Боясь признаться в сентиментальном чувстве тоски по родине, по реке, по осенним дорогам, осыпанным желтой листвой, боясь быть узнанным по мере приближения к родным местам, он останавливается на последней станции перед Греноблем[72]
. Он подходит к самой ограде Кле, былого имения его отца Теперь виноградники принадлежат богатому фермеру, который срезает запоздалые грозди на лозах. Бейль, расшаркавшись с изысканной вежливостью и сняв цилиндр, просит продать ему винограду, не считая, сыплет монеты в пригоршню удивленного фермера и быстро, как вор, убегает от изгороди, через которую перелезал мальчишкой.Так же тихо, почти крадучись, в некоторых местах ускоряя шаги, он обходит все родные места. Вот окна комнаты, из которой когда-то с любопытством смотрел он мальчишкой. А вот дом давно умершего деда с покосившимися коридорами… Гренобль — маленький, старый и очень неприглядный городок. Гулко раздаются шаги по пустынным улицам. С последним мальпостом Бейль уезжает в Париж.
25 августа открылась в Лувре выставка живописи— «Салон 1824 года». Печальная выставка! Он ходит из комнаты в комнату и набрасывает заметки на листе бумаги свинцовым карандашом — начало своей статьи: «Окинув выставку беглым взглядом, избавим пока читателя от всяких общих рассуждений».
Эти обширные статьи о «Салоне 1824 года», появившиеся в «Журналь де Пари» в сентябре 1824 года, суммируют взгляды Стендаля на общественные задачи искусства. Мы видим и тут постоянное стремление к обычным маскировкам. В анонимной статье Стендаль выдает себя за уроженца Рейна, предназначенного к профессии живописца самой природой. Он говорит: «Я рано уехал в Рим. Там я должен был провести пятнадцать месяцев, но не заметил, как прожил десять лет. Сделавшись независимым, я решил посмотреть Париж». Он признается, что любит только то, что гениально. «Вы, значит, не любите никого?» — раздаются со всех сторон восклицания», — пишет Стендаль. «Простите, — отвечает он, — я люблю молодых художников с пылкой душой и честными мыслями, не ожидающих втайне грядущего богатства и успеха в обществе от скучных вечеров, которые надо проводить у госпожи такой-то, или от партии в вист, которую удается иной раз составить господину такому-то». Далее идет категорическое заявление: «Мы живем накануне переворота в искусстве».

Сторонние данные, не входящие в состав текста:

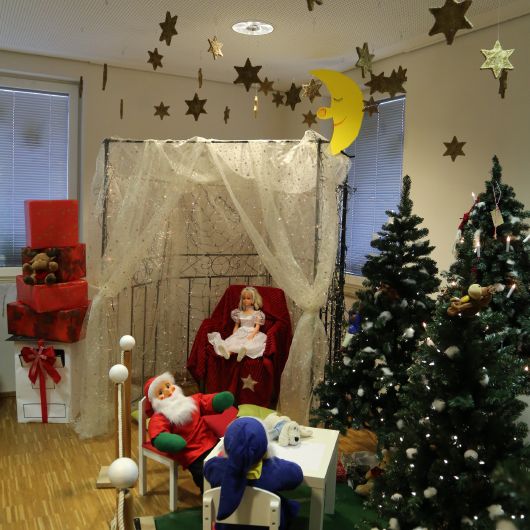 Eine Ecke der Weihnachtspostfiliale im Rathaus von Himmelstadt ist bereits geschmückt. Auch das Christkind sitzt dort, unter einem Baldachin.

«Я отправился неделю тому назад искать себе квартиру на улице Годо-де-Моруа. Я поражен был крохотными размерами комнат; и так как это случилось как раз в тот день, когда мне предложили написать статью о живописи для «Журналь де Пари», я, озабоченный выпавшей мне на долю высокой честью разговаривать с самой требовательной в Европе публикой, вынул из бумажника записку, в которой отметил для себя вышину и ширину самых знаменитых картин. Сравнивая размеры этих картин с ничтожными размерами комнат, по которым водил меня домовладелец, я сказал себе со вздохом: «Век живописи кончился; теперь может процветать только гравюра. Наши современные нравы, упраздняя особняки и разрушая замки, делают невозможной любовь к картинам; публике доступна только гравюра, и, значит, только ее может она поощрить». Домовладелец посмотрел на меня с удивлением; я сообразил, что разговаривал с самим собою вслух, и он принял меня, конечно, за сумасшедшего. Я поспешил от него уйти. Едва я вернулся к себе, как меня поразила другая мысль. Гвидо, один из корифеев болонской школы, тот из великих живописцев Италии, чьи головные изображения больше всего приближаются к греческой красоте, был игрок и к концу своей жизни писал по три картины в день. Он получал за них сто, иной раз полтораста цехинов. Чем больше работал он, тем больше было у него денег.